**Task brief**
Please report how many lines of the following entries hold the word "para", giving the number alone.

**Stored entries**
########################################
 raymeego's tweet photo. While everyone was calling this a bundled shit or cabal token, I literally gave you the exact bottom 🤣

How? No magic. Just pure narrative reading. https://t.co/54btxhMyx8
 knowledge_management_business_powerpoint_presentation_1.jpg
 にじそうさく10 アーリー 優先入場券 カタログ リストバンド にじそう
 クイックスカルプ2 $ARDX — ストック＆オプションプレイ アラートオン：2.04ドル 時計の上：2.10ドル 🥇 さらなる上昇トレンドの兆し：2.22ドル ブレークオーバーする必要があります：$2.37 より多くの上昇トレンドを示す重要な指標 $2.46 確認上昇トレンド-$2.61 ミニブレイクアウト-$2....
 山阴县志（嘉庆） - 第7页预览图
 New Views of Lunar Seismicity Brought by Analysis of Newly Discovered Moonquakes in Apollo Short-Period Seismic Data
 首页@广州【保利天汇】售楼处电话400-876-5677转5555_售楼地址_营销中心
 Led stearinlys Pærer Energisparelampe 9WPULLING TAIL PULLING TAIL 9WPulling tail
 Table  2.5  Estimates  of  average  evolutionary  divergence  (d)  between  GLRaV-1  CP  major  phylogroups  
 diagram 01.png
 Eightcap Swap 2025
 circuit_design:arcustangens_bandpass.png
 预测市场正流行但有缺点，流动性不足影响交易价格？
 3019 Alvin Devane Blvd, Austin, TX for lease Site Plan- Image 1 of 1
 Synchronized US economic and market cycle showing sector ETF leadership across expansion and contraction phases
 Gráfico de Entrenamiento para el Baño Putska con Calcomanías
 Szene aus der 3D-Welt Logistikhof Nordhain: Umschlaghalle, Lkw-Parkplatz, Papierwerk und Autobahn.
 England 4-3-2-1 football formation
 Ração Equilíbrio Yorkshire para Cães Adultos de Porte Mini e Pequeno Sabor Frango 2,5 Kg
########################################
**Answer to this task**
2